Shannon's measurements of Mutual Information and Mutual Redundancy have the same kind of organic feel to them that was originally displayed in Ashby's homeostat, and many other cybernetic devices. This organic correlation may have application in the design of new kinds of communication networks which operate on a cellular and ecological basis rather than through a "node-arc" model.
Mutual information is clearly defined as the overlap between the entropies of 2 phenomena - the extent to which one entropy can be coordinated with the entropy of the other. Thus it is a measure of the similarities in degrees of disorder between two systems. It turns out that this "similarity in degree of disorder" is particularly useful in calculating the extent that an information source has been transferred to a receiver, which may develop, in time, the capacity to predict the information produced by the source. Thus mutual information can also be considered as a measure of the "transfer" of information.
It's calculation can be simplified to the entropy-of-A + entropy-of-B - entropy of A and B together.
Most of the time, mutual information in 2 dimensions like this produces a positive result. Indeed, it has been shown that mutual information cannot be negative. Yet, under certain circumstances, using Shannon's equations, it is, and negative values of mutual information have prompted much speculation as to what this means.
In 3 dimensions, mutual information is more likely to be negative.
These information-theoretical measurements can be related to three fundamental features of cellular organisation. Mutual information can be considered to represent the degree of self-organisation within a cell. Mutual redundancy concerns the overlap in the pattern of constraint between a cell and its environment. A cell also requires energy from its environment and this can be represented by the extent to its range of possible actions can be expanded through interacting with its environment (it's maximum entropy).
In information theoretical analysis of economic activity, the three measures of mutual information, mutual redundancy and maximum entropy can be used to measure the level of innovation in an economy. However, this high-level calculation depends on lower-level processes involving groups of individuals within institutions. If the high-level organisation of the economy can be seen as an "organism", then might the low-level communications of individuals within the economy been seen as constituent "cells"?
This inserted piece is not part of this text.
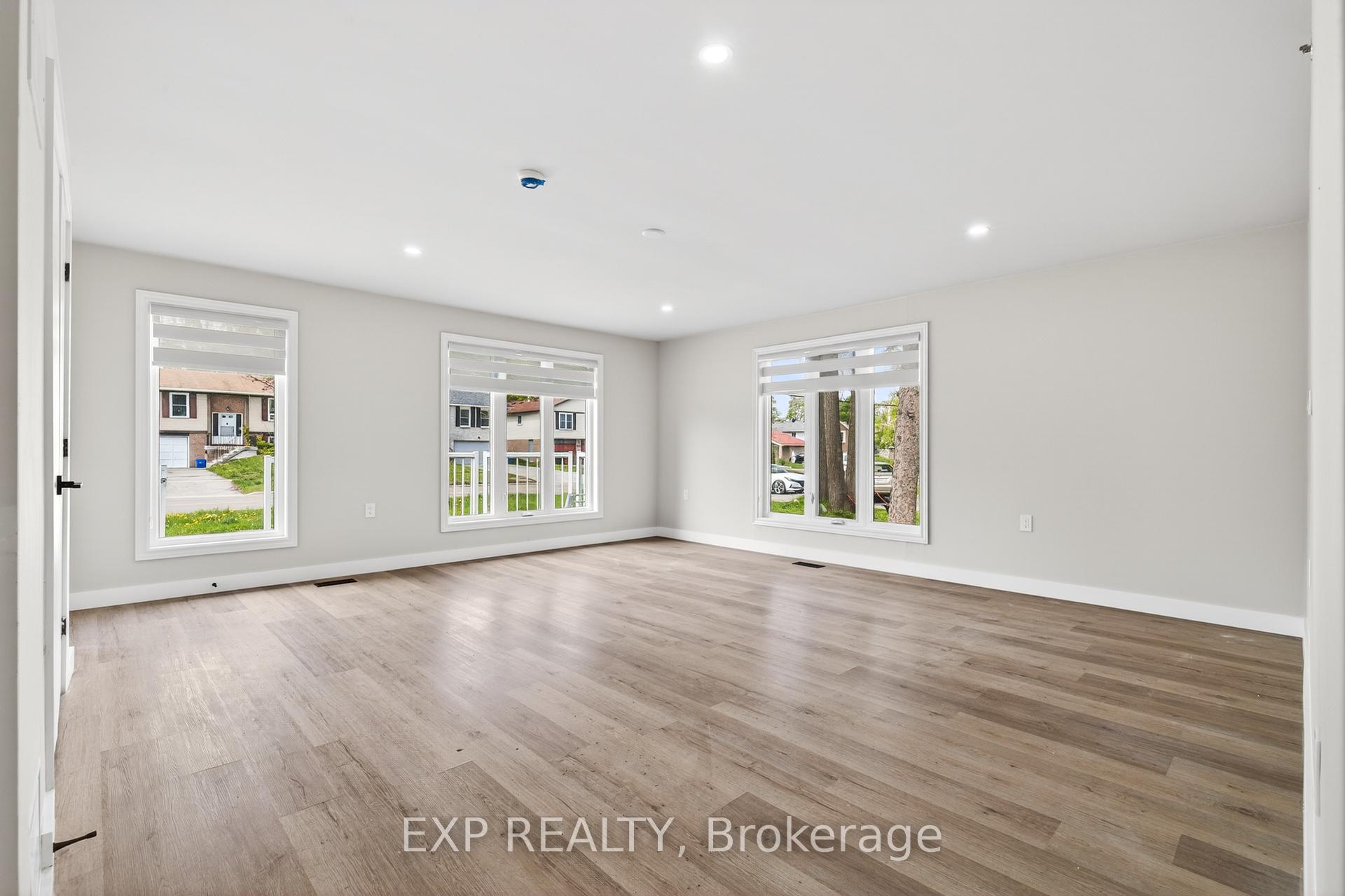 Photo 4 of Unit 1, 263 Anne Street N, Barrie, Sunnidale — HOMEH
Examining this from the perspective of education is interesting. Educational "cells" are not individuals. They are conversations involving a number of people (just as cells contain many interacting components)- and conversations display exactly the same features of mutual information, mutual redundancy and maximum entropy. Importantly too, however, is the fact that conversations have a history. The way a conversation develops depends not just on its history, but on the history of its components. The personal biographies of a cell's components will play an important role in the development of a conversation.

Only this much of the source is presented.